> _SUPPLIED MATERIAL_
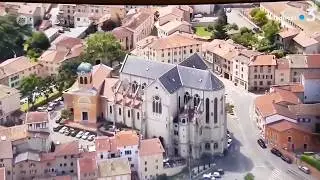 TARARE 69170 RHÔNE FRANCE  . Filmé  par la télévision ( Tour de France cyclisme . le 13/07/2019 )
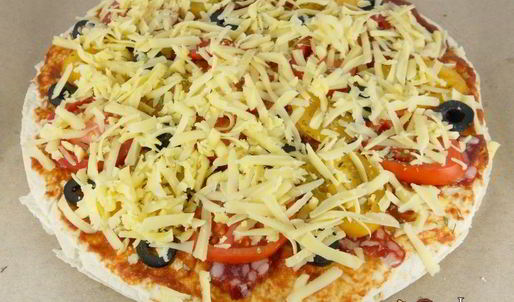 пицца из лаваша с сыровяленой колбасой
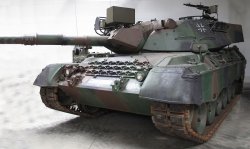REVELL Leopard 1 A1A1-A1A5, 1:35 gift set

> _WORK TASK_
Without any pictures, repeat the listing exactly.

> _SOLUTION TO THE EXERCISE_
 TARARE 69170 RHÔNE FRANCE  . Filmé  par la télévision ( Tour de France cyclisme . le 13/07/2019 )
 пицца из лаваша с сыровяленой колбасой
REVELL Leopard 1 A1A1-A1A5, 1:35 gift set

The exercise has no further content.